Now we apply Rouché’s theorem. Then (2) tells us that $$x^d - l^{d-2} x +l$$ has precisely one root $$\alpha _d$$ inside the unit circle, and (3) tells us that all roots $$\alpha _1,\ldots ,\alpha _d$$ of $$x^d - l^{d-2} x +l$$ have absolute value $$<\vert l \vert$$.

Before we proceed with calculating the orbit size of one of these roots, we need to show that $$x^d - l^{d-2} x +l$$ is irreducible. This is obviously the case if $$\vert l\vert$$ is a prime number. So in particular, we can assume that $$\vert l \vert \ge 4$$. Using this assumption and $$d\ge 4$$, the same calculation as in (2) proves that there is precisely one root of $$x^d - l^{d-2} x +l$$ of absolute value $$\le \sqrt{\vert l \vert }$$ (necessarily $$\alpha _d$$).

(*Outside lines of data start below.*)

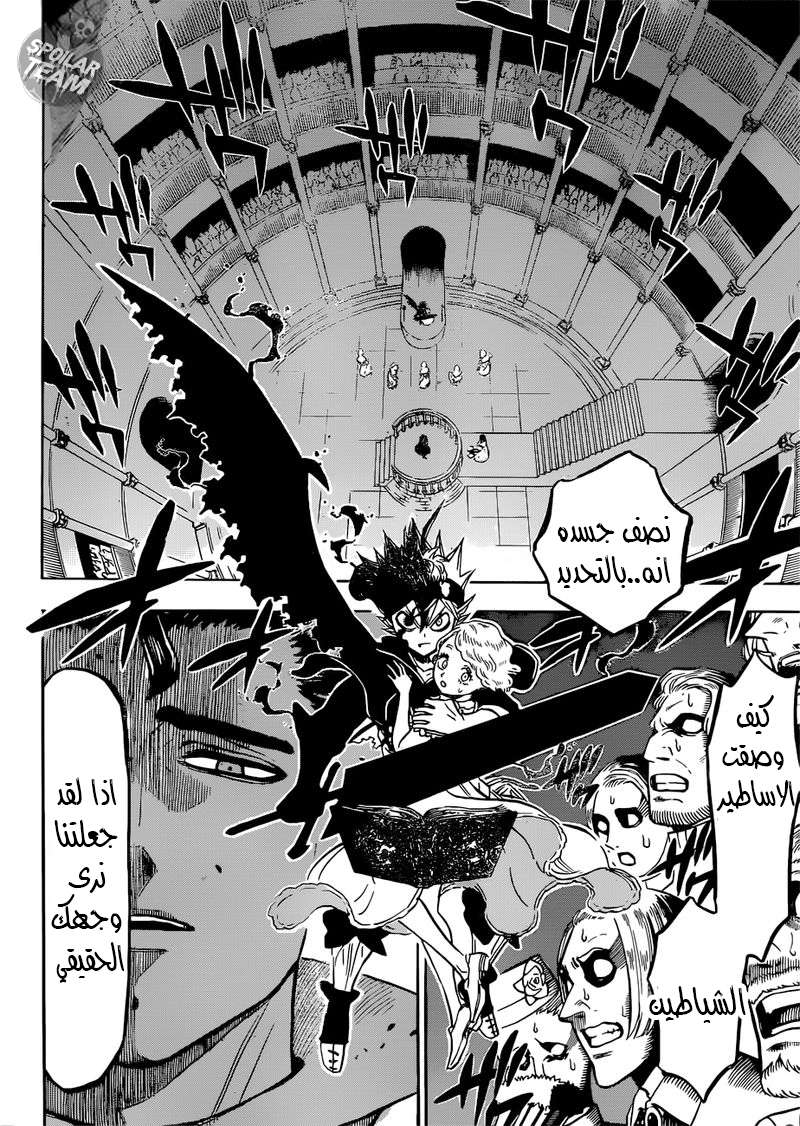 Read Black clover AR Manga Online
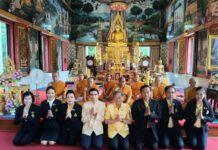 ศาลมีนบุรีจัดกิจกรรมบำเพ็ญสาธารณกุศลเฉลิมพระเกียรติเนื่องในโอกาสวันเฉลิมพระชนมพรรษา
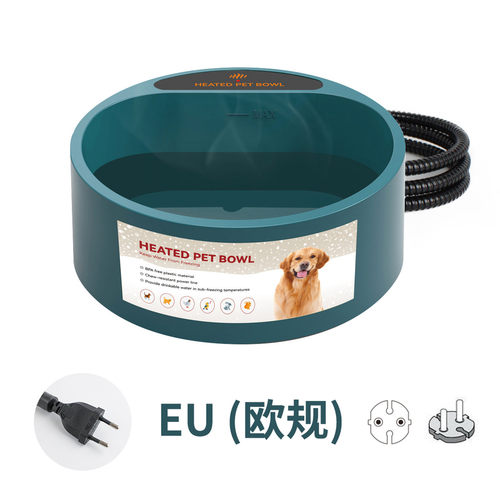 外贸加热宠物用品新款碗狗狗塑料碗热水饮水器自动恒温厂家批发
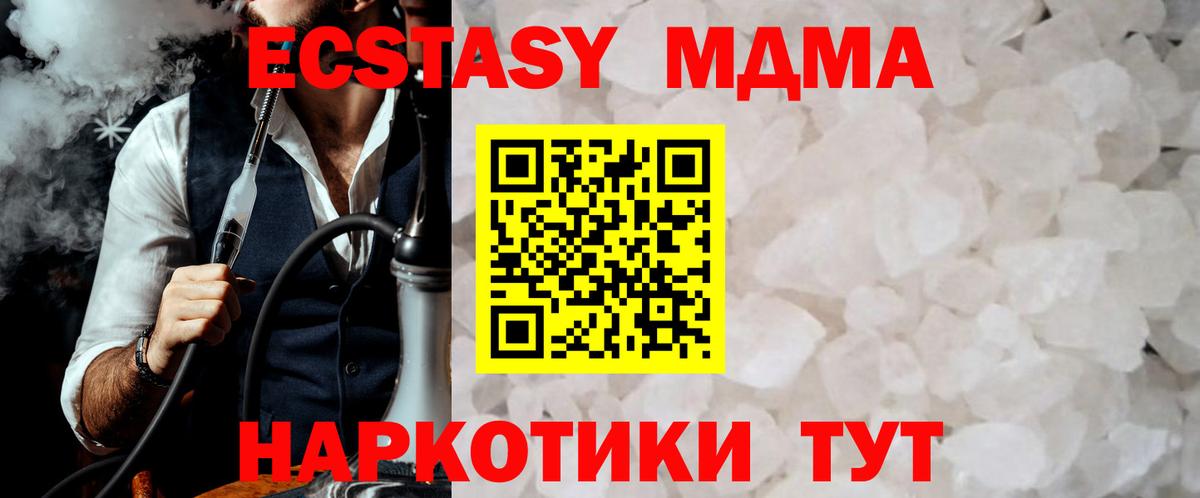 Белорецк  MDMA кристаллы  Вход с VPN  MDMA VHQ 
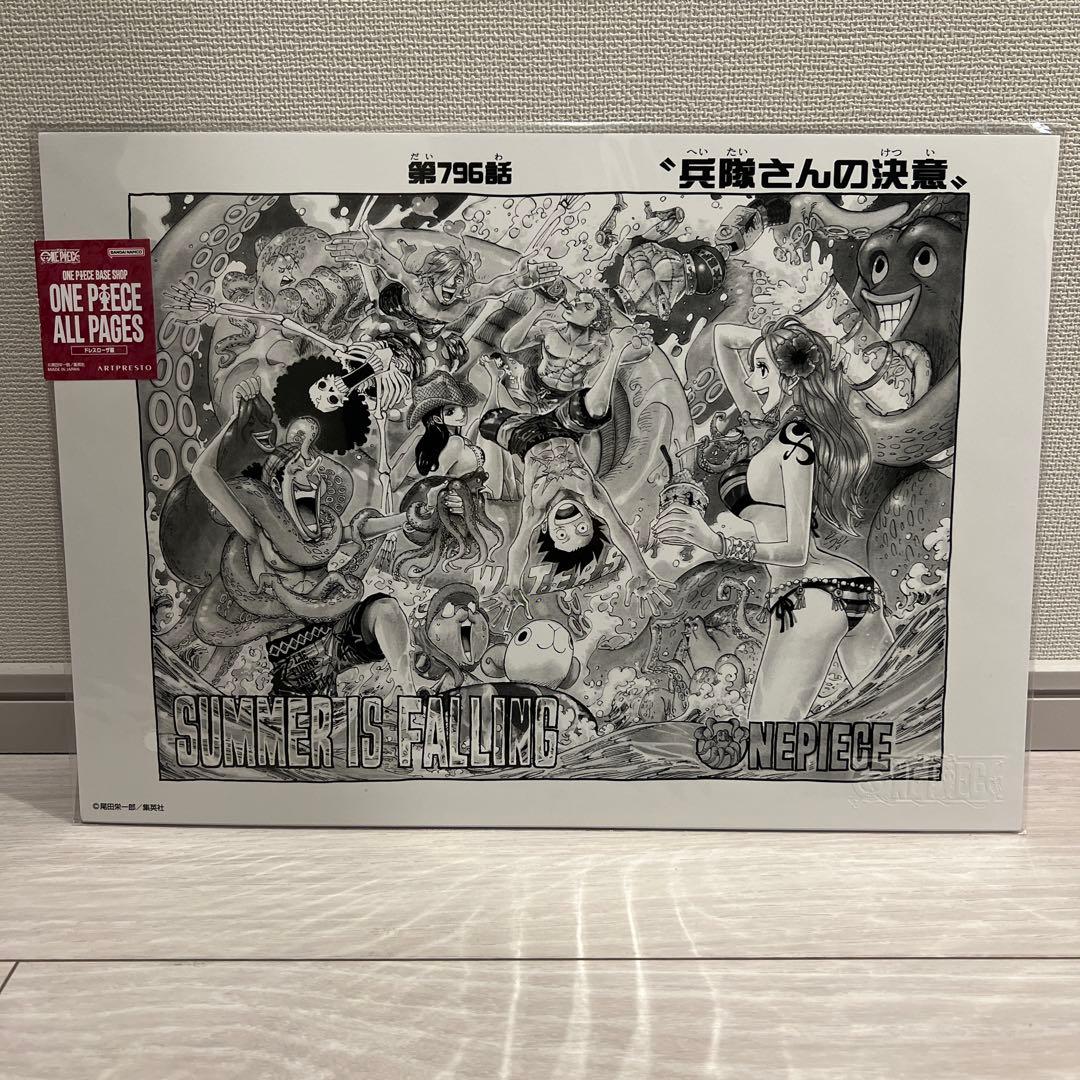 ONE PIECE ALL PAGES 扉絵 ドレスローザ 『兵隊さんの決意』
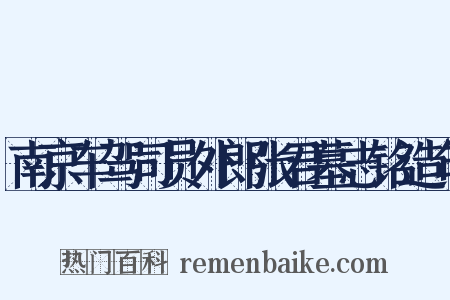 南京车驾司员外郎张君墓志铭造句是什么意思的图片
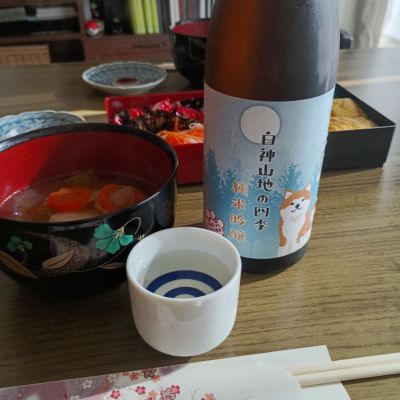 秋田県の酒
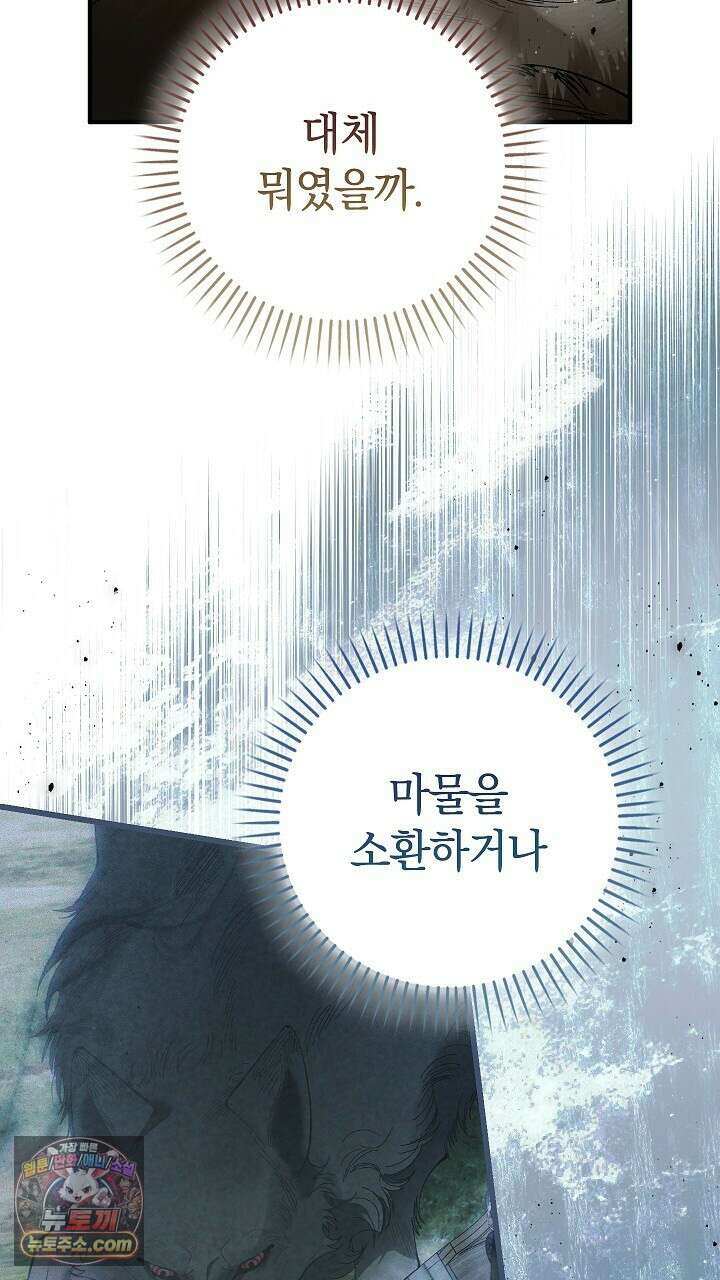 우리 이제 모르는 사이 해요 6화 50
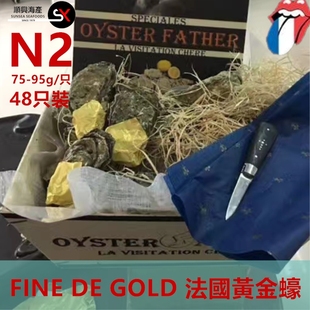 48只装 法國進口鮮活生吃刺身生蠔 95g N2號 只 黃金蠔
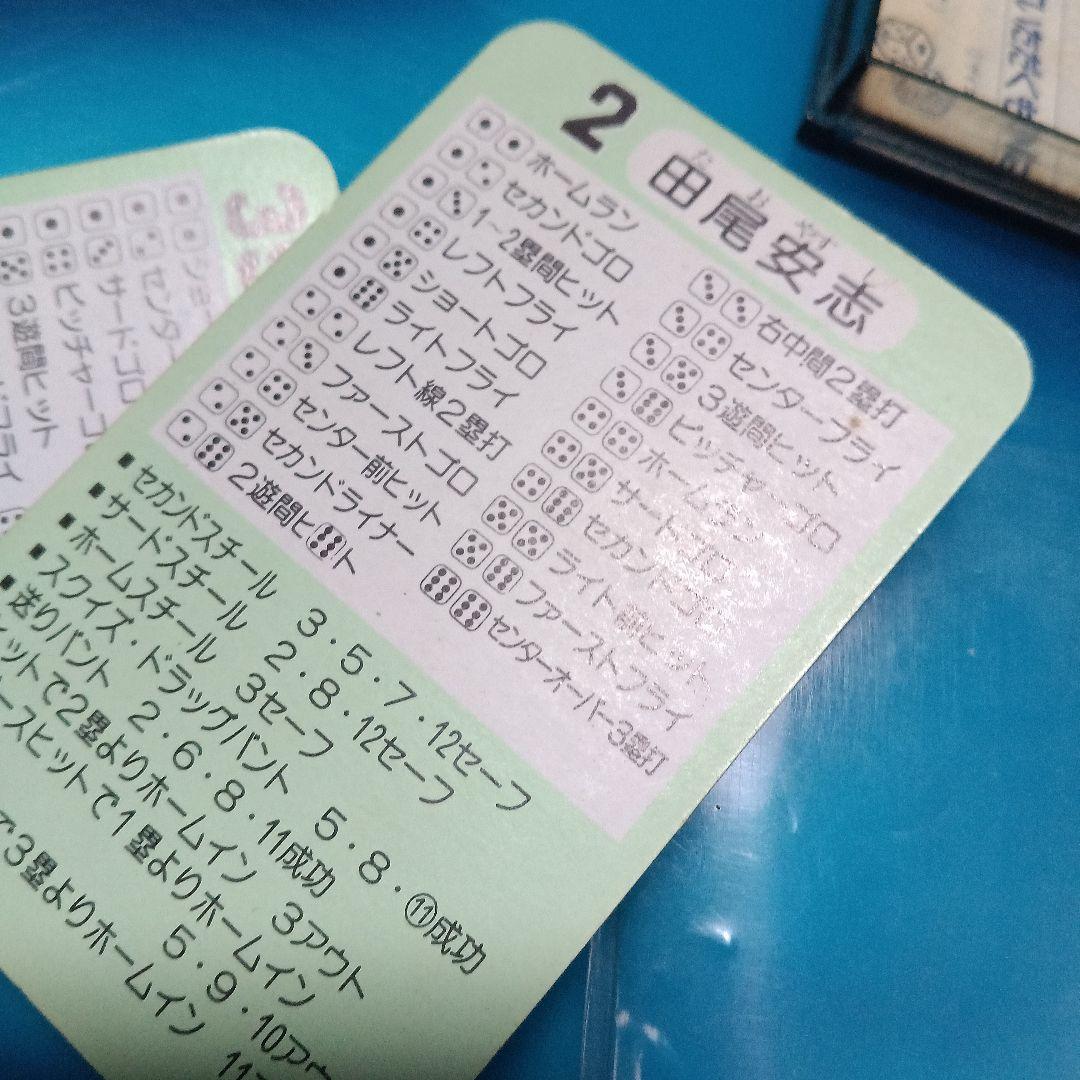 58年 度選手タカラプロ野球カードゲーム中日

It follows that no product of two or more of the elements $$\alpha _1,\ldots ,\alpha _{d-1}$$ can be a divisor of l. Hence, the only possibility for $$x^d - l^{d-2} x +l$$ to be reducible is, if it has a root $$a\in {\mathbb {Z}}$$. This a must be a divisor of $$\vert l\vert$$ and it must satisfy $$a^d = l^{d-2}a-l$$. Hence, $$a^{d-1} \mid l$$ which implies $$\vert a \vert ^{d-1} \le \vert l\vert$$. This is not possible, as we have just seen that $$\vert a\vert \ge \sqrt{\vert l\vert }$$. It follows that $$x^d - l^{d-2} x +l$$ is indeed irreducible, and $$\alpha _1$$ is an algebraic integer of degree d, and norm l.

We then have:

• $$M^{(1)}(\alpha _1) = \alpha _1\cdots \alpha _{d-1} =l/\vert \alpha _d \vert \notin {\mathbb {Z}}$$, and

• $$M^{(2)}(\alpha _1)=M(\pm \frac{l}{\alpha _d})=\pm \prod _{i=1}^d \frac{l}{\alpha _i} \in {\mathbb {Z}}$$.

Hence $$\alpha _1$$ has orbit size 3.

### Proposition 1

Let $$d \ge 3$$ be an integer and let $$\alpha _1,\ldots ,\alpha _d$$ be a full set of Galois conjugates of an algebraic integer $$\alpha$$. Assume the following conditions:

1. (i)

$$\vert \alpha _1 \vert> \vert \alpha _2 \vert \ge \cdots \ge \vert \alpha _{d-1} \vert> 1 > \vert \alpha _d \vert$$, and

2. (ii)

$$\vert \alpha _i \vert \le \vert N(\alpha ) \vert$$ for all $$i\in \{2,\ldots ,d\}$$.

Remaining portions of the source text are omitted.